Last Updated on: 13th July 2023, 11:18 am
Gulu, July 13, 2023: Media practitioners from various institutions and media houses completed a two-day capacity and skills enhancement session on fact-checking to debunk fake news, misinformation, mal-information and disinformation.
The training facilitated by Debunk Media Initiative, a fact-checking non-profit making organization, offered two-day training on theoretical and practical sessions held at the Northern Uganda Media Club (NUMEC), in Gulu City from 11 to 12 July 2023.
The Debunk training brought a total of 20 journalists from Lira City and Gulu City; Amuru, Kitgum, Pader, Moyo, Agago and Nwoya districts to contribute to skilling the media professionals to be able to detect misinformation, which is inaccurate information with harmful intentions.
Another interesting aspect was disinformation, false information intended to mislead the audience, but most often leading to the distortion of facts and public opinions.
Head of Production at Debunk Media Initiative, Rukia Nabbanja called on the journalists to always take keen note of experts while having interviews especially those who tend to hide behind the shadows of using technical terms and data.
It’s against this background that she challenged journalists to always go as far as digging deep into the real meaning of such terms and also break them down for the target audience.
“Verifying sources and the authenticity of the data that sources usually quote,” Nabbanja added.
During an exclusive interview with TND News’ Nancy Atim, Edgar Matthew Karuhanga, the lead fact-checker at Debunk Media Initiative said that there is a big gap in the media space for fact-checkers. He called upon the equipped journalists to now put the learned skills into practice.
According to Karuhanga, the training will help journalists in future to inculcate the culture of fact-checking in Ugandan media space that will in the long run be useful at the different media houses to fully verify and prove the information before it goes into public domain.
He added that media plays a key agenda – “setting role” but sometimes falls short of the means to delink from the ever-growing and evolving digital era of fake news, misinformation and also disinformation.
“We’ve fully given them everything they need but, we have given them the basics to start because two days is a short time but after some time, feel like the journalists will start doing fact-checking.
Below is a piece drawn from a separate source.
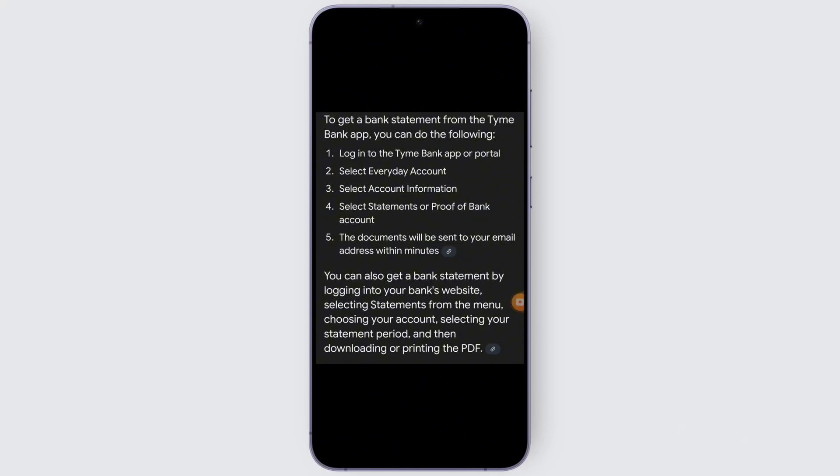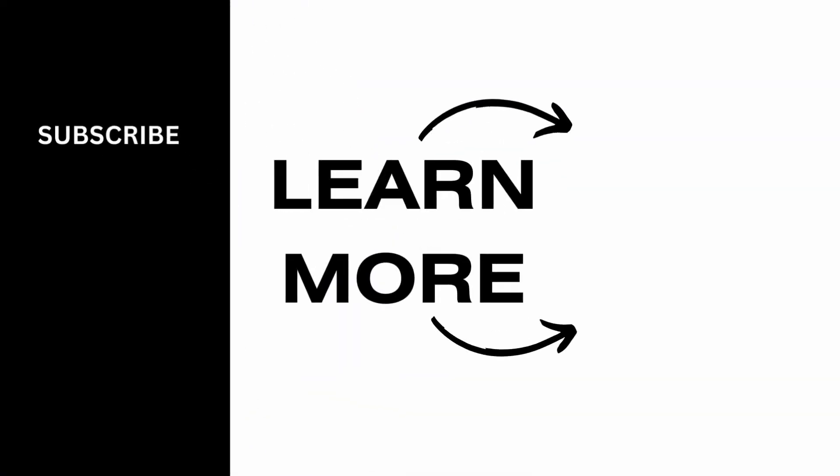So it is very easy. You just need to follow these steps and just like that you should be able to get the bank statement from the Time Bank app within some seconds. I hope this video was helpful to you and thank you for watching this video.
Basing on the two-day training, there is evidence that knowledge has been passed on and we strongly believe that fact checks will change their communities,” said Karuhanga.
Rosemary Anena, a freelance journalist based in Gulu city said that the training “came in at the right time” since she has been doing a disservice to herself and the audience by sharing some information unknowingly yet it was harmful in some way.
“Before the training, I was totally green about fact-checking and the tools used in fact-checking,” said Anena.
Anena further said that the training will now enable her to publish stories that are fully verified, proven, evidence-based and measurable for public consumption.